:: LISTED RECORDS
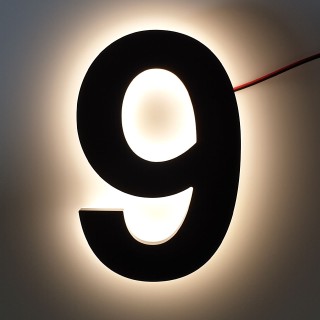 Mat zwart huisnummer met verlichting 20 cm hoog - Nummer 9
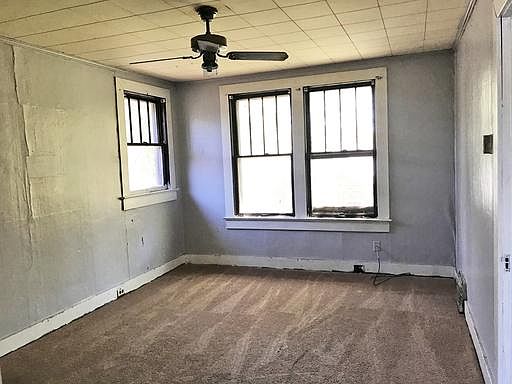 4th image of 311 Saint John Ave APT C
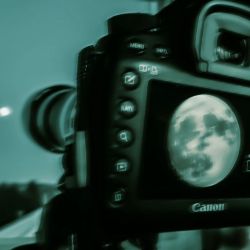 عکس ماه از زبان خورشید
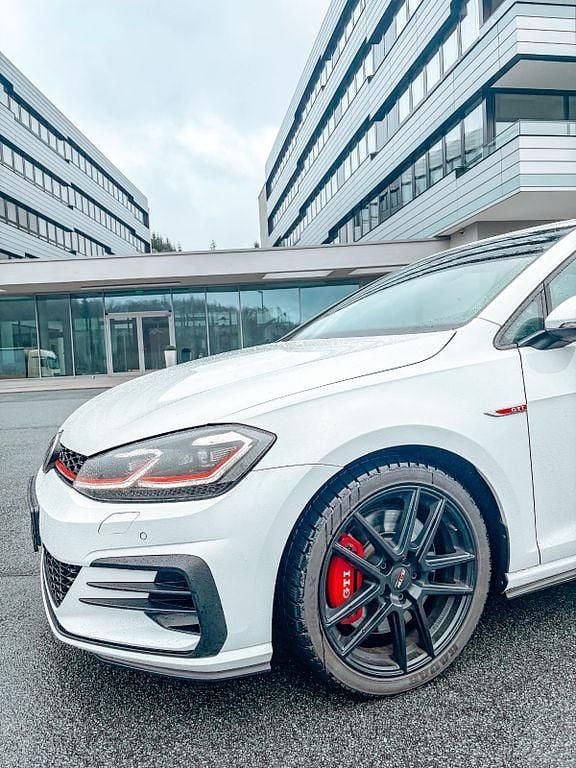 Gebraucht VW Golf VII GTI 245 PS (180 kW) 2019 Weiß Limousine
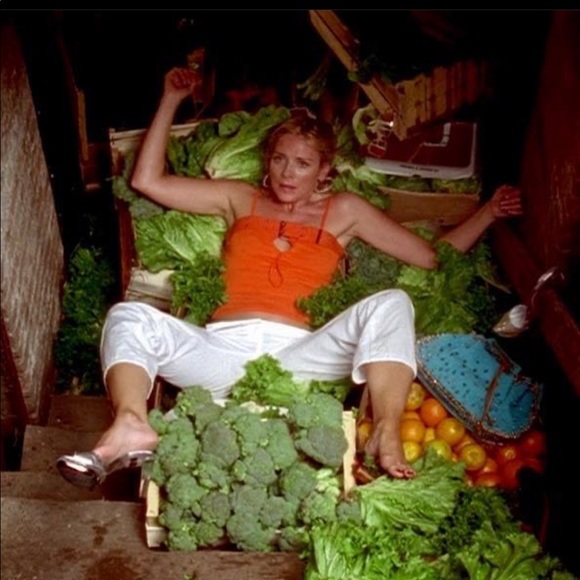 Meet your Posher, Amelia - Picture 1 of 1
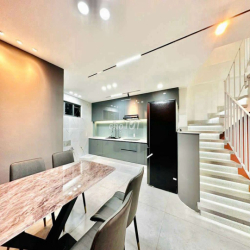 💎Nhà Hẻm Xe Hơi💎Nguyễn Văn Lượng P6🏠diện tích: 5x14m 💎4 Lầu 3PN--4wc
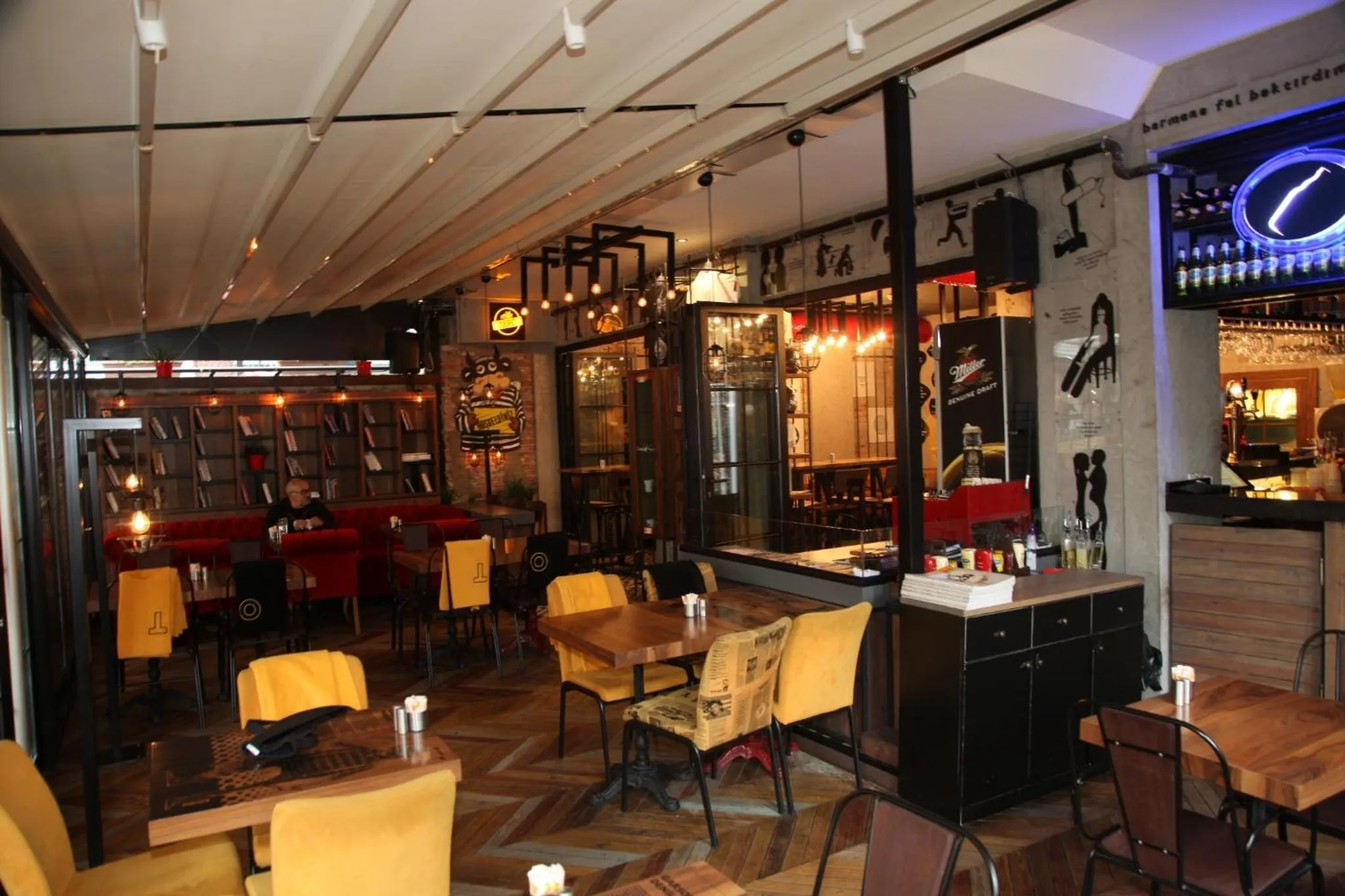 Restaurant/places to eat in Sonno Boutique Rooms & Suites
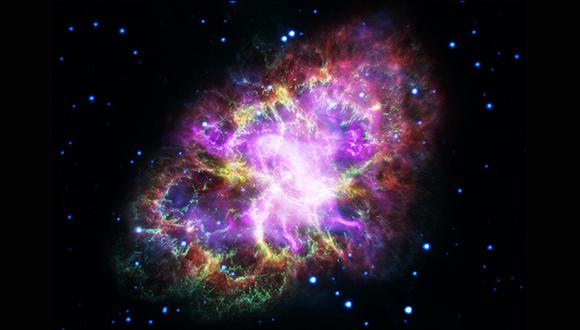 Mira la 'nebulosa del cangrejo' captada por cinco telescopios distintos. (NASA)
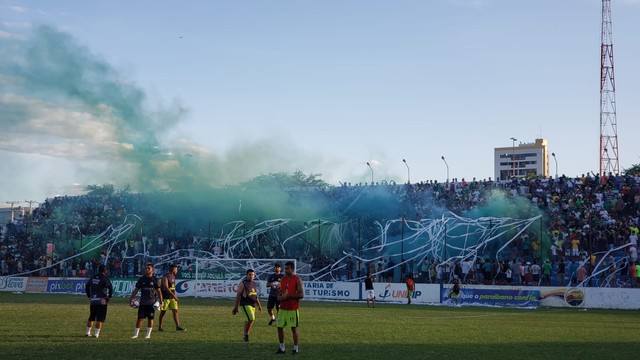 Antes do trilar do apito, torcida nacionalina fez linda festa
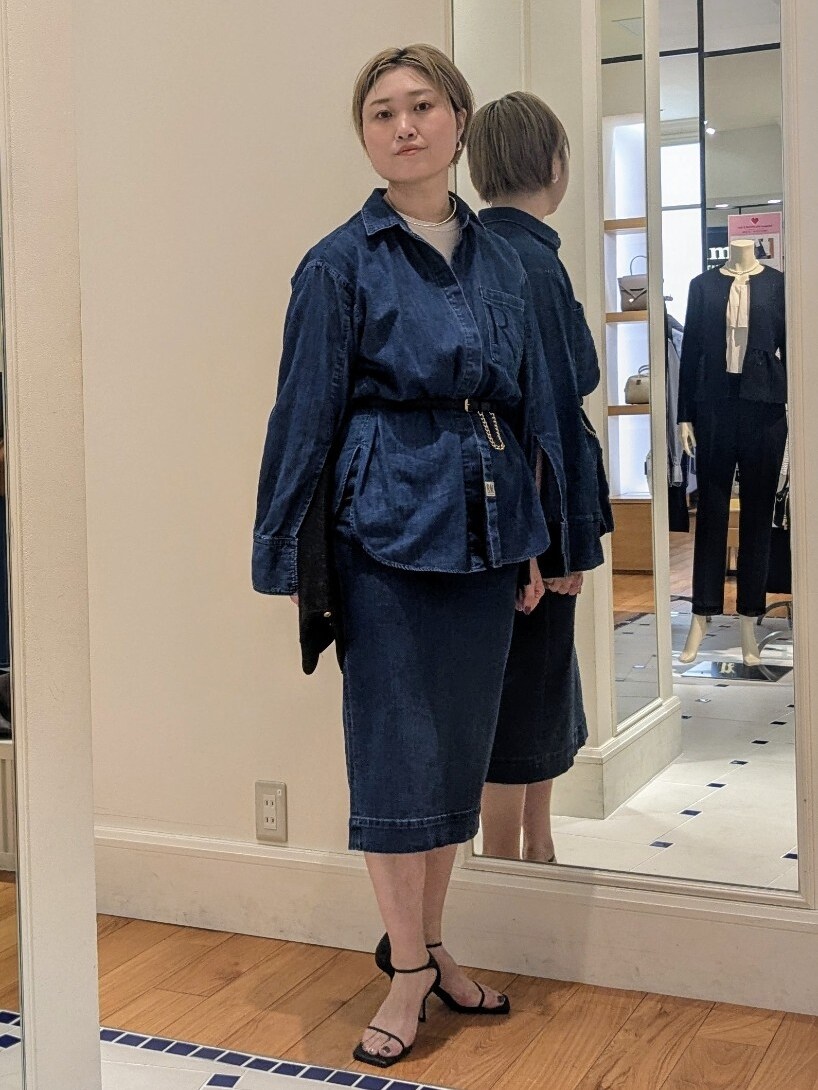 ブルー系のシャツ/ブラウス、ホワイト系のTシャツ/カットソー、ブラック系のトートバッグを着用したレディースの冬コーディネートの9枚目の写真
::::
• [EXERCISE AIM]:
The lines to retype run from the one containing "Meet your Posher, Amelia - Picture 1 of 1" through the last line of the records above; write them exactly and skip the pictures.

• [REPLY]:
 Meet your Posher, Amelia - Picture 1 of 1
 💎Nhà Hẻm Xe Hơi💎Nguyễn Văn Lượng P6🏠diện tích: 5x14m 💎4 Lầu 3PN--4wc
 Restaurant/places to eat in Sonno Boutique Rooms & Suites
 Mira la 'nebulosa del cangrejo' captada por cinco telescopios distintos. (NASA)
 Antes do trilar do apito, torcida nacionalina fez linda festa
 ブルー系のシャツ/ブラウス、ホワイト系のTシャツ/カットソー、ブラック系のトートバッグを着用したレディースの冬コーディネートの9枚目の写真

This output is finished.